[Records from a data collection]
■ ■ ■ ■ ■

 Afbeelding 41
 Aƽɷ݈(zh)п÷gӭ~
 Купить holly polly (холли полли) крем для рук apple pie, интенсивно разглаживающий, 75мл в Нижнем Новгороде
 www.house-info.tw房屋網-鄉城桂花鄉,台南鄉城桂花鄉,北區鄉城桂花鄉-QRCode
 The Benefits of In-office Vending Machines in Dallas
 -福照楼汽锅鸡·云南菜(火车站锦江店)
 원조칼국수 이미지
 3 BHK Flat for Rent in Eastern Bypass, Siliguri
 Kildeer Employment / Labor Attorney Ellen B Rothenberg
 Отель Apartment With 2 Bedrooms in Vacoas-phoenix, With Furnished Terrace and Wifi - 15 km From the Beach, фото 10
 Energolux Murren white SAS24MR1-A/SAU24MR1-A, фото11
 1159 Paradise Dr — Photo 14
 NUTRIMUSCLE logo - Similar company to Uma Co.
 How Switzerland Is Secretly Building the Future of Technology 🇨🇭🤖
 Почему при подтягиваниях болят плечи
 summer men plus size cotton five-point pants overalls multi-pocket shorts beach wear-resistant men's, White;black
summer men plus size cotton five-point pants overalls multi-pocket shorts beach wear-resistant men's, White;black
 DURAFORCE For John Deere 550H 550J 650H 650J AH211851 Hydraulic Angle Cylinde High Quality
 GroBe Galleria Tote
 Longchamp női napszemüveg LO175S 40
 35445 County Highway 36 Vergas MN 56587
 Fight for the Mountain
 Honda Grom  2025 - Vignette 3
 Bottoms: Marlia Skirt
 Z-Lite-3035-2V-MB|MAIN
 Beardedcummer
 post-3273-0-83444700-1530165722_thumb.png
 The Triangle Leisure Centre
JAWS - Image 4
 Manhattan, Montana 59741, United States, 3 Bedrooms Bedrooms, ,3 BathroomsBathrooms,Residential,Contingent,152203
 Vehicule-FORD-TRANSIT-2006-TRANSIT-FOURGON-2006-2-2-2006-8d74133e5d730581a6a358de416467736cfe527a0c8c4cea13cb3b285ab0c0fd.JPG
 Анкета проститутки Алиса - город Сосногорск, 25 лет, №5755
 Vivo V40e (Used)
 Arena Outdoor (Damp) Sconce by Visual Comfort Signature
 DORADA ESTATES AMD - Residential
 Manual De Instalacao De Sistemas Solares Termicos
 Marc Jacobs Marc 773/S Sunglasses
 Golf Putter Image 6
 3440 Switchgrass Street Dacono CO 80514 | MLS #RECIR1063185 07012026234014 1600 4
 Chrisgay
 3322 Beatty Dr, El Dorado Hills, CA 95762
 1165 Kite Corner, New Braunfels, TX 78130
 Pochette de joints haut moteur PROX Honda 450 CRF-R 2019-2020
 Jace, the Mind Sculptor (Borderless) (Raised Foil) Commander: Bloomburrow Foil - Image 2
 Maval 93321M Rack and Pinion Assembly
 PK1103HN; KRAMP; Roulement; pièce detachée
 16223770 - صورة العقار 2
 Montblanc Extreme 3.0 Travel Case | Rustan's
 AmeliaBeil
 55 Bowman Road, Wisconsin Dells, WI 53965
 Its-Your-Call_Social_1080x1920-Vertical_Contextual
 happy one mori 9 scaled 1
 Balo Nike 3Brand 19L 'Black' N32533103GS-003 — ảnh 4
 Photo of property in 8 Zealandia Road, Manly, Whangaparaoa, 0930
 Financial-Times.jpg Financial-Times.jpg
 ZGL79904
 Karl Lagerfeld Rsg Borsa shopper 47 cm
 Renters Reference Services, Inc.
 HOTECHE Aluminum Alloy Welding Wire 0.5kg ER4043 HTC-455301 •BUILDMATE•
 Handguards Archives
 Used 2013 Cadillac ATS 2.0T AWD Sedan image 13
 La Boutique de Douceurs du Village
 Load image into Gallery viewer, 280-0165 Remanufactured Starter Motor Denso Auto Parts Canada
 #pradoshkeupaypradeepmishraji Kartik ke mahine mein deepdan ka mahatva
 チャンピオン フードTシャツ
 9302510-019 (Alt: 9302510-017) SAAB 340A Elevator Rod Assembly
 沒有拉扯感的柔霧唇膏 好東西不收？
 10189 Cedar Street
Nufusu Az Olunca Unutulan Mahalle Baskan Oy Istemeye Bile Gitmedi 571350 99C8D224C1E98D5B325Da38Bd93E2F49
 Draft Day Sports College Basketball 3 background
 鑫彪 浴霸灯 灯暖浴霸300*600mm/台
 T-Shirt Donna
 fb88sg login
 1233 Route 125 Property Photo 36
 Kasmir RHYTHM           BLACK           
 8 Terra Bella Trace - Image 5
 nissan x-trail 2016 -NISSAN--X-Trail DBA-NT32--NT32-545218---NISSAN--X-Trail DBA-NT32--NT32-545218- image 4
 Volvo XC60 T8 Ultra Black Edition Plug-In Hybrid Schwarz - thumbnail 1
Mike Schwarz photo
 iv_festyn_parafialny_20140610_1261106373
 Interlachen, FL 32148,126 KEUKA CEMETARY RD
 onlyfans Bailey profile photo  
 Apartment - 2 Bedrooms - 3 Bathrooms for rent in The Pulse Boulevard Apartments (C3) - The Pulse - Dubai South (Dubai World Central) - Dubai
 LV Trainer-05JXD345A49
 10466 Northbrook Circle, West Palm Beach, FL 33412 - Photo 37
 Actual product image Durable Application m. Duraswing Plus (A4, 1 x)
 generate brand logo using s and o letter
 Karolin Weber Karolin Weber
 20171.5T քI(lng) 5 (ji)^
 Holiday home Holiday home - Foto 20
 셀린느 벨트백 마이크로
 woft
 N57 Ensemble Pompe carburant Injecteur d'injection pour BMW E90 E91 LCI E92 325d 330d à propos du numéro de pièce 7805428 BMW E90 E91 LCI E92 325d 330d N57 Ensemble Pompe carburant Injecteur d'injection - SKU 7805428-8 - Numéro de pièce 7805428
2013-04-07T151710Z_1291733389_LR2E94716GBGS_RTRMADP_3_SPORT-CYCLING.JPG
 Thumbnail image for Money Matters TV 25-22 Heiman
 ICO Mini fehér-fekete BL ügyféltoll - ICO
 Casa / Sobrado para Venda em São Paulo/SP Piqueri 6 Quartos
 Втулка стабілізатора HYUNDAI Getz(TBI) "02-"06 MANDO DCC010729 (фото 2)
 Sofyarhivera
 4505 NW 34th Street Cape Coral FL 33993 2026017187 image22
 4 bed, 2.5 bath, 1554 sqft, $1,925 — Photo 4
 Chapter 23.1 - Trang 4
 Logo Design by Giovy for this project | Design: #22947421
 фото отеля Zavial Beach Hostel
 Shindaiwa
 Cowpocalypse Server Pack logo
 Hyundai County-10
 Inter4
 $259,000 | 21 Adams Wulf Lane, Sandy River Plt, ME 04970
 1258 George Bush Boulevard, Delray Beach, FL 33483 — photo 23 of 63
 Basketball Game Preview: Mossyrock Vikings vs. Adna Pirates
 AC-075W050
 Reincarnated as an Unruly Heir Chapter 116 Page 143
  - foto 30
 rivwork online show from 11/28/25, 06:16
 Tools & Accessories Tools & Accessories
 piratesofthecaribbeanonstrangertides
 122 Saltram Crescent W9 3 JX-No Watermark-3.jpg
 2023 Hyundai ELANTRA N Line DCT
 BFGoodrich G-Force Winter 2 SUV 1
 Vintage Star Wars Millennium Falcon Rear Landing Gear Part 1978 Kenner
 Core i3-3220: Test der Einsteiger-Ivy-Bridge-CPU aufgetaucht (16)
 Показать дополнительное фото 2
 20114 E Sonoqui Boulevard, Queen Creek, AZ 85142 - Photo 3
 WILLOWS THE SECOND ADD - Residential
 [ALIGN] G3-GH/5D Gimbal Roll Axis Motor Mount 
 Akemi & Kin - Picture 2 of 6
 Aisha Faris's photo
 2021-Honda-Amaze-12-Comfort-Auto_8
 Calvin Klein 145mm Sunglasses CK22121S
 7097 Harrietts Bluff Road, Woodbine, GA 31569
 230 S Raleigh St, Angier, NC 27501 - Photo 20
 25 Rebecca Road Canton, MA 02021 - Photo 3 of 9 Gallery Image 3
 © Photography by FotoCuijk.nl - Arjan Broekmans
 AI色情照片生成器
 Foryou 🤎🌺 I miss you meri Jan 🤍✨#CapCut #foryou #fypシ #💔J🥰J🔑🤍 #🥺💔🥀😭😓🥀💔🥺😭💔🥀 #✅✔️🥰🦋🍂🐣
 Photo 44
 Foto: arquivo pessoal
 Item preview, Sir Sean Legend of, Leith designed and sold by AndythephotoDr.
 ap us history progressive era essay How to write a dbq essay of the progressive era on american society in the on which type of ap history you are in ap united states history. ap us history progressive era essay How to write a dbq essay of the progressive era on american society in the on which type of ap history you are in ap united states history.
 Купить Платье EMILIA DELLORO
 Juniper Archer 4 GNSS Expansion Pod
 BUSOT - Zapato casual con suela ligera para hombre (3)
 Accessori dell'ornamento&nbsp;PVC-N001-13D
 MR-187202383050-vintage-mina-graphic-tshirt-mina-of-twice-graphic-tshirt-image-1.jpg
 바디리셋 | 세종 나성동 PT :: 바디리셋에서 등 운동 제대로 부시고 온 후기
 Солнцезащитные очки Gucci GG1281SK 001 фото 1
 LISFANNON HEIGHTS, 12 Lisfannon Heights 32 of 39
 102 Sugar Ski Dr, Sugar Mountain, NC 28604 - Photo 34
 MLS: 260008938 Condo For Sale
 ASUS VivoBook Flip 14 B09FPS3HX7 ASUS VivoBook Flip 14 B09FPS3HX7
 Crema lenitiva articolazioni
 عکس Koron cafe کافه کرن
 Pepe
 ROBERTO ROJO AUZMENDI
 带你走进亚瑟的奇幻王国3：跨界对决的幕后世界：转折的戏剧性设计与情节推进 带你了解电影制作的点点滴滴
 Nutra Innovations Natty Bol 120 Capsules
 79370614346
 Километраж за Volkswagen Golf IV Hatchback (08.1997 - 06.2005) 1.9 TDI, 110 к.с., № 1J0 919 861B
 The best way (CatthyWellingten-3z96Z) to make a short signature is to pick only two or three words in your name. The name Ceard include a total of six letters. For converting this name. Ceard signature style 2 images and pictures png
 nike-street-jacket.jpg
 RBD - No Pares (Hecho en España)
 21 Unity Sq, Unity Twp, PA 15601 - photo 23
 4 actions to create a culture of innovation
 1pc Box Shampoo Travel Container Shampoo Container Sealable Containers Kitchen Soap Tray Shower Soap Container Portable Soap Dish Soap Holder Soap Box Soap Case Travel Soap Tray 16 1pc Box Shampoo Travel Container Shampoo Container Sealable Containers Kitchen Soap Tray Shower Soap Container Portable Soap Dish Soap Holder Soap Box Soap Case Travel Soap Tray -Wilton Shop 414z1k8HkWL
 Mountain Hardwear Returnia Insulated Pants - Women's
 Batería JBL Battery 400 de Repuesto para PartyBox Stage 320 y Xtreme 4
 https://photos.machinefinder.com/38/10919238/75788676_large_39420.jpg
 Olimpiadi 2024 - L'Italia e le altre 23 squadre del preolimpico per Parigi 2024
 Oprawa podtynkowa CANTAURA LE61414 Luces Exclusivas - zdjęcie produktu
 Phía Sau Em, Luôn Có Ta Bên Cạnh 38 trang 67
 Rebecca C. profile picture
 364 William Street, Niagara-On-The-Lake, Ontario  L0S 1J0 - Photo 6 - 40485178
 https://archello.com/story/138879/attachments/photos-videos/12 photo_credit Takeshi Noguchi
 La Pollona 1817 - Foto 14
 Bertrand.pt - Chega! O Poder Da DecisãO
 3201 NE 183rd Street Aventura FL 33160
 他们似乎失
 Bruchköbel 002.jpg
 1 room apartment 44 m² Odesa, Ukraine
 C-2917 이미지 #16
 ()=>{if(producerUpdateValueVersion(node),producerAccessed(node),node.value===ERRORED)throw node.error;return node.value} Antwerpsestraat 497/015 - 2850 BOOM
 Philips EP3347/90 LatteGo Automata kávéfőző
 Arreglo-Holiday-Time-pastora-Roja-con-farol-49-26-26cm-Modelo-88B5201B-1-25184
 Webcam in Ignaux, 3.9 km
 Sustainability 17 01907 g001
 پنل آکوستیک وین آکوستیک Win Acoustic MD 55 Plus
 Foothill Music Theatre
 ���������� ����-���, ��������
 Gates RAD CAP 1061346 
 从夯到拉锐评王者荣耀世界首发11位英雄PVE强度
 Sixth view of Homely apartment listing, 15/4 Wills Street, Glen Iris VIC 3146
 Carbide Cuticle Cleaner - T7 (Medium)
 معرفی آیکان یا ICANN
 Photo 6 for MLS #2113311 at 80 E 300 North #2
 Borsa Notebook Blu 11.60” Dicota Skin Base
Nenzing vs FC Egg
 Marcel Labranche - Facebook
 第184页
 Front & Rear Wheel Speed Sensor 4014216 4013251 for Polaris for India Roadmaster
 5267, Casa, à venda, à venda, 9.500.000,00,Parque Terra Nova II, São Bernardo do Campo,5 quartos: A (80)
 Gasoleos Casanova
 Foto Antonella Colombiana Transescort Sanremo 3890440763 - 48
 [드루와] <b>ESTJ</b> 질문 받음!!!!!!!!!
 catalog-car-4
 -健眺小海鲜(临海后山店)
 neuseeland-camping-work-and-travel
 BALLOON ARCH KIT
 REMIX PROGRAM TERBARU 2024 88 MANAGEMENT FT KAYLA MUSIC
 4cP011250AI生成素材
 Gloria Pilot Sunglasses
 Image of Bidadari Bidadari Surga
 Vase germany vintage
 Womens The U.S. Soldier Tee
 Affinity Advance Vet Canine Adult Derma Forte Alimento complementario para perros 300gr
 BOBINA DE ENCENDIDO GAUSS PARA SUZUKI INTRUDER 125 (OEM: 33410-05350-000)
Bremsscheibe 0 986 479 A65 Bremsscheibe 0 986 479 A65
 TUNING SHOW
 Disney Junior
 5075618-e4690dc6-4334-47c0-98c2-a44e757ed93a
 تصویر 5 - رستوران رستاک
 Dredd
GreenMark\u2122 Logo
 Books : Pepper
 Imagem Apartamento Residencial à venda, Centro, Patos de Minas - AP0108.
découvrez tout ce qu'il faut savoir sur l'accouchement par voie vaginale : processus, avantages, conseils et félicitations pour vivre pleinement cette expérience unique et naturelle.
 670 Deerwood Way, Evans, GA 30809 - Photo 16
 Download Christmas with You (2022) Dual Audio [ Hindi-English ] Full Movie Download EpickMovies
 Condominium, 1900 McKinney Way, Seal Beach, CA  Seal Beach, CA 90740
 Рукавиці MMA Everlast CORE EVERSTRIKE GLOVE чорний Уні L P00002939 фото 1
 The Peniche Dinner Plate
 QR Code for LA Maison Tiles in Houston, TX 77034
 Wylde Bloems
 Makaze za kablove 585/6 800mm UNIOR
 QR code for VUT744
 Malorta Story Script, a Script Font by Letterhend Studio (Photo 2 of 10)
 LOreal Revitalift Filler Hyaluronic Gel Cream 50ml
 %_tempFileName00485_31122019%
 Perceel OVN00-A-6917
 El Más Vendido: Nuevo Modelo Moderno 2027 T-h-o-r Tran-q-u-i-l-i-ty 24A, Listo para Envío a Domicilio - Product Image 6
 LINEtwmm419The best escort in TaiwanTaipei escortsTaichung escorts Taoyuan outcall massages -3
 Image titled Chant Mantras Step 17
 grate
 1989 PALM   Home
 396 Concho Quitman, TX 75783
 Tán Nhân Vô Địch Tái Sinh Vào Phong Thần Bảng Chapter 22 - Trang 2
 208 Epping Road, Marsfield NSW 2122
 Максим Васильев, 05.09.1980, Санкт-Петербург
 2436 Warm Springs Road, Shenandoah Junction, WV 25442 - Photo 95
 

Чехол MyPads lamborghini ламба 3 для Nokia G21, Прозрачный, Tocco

■ ■ ■ ■ ■

YOUR INSTRUCTIONS:
Reproduce each line of the records in which the word "Honda" appears.

ANSWER TO THE EXERCISE:
 Honda Grom  2025 - Vignette 3
 Pochette de joints haut moteur PROX Honda 450 CRF-R 2019-2020
 2021-Honda-Amaze-12-Comfort-Auto_8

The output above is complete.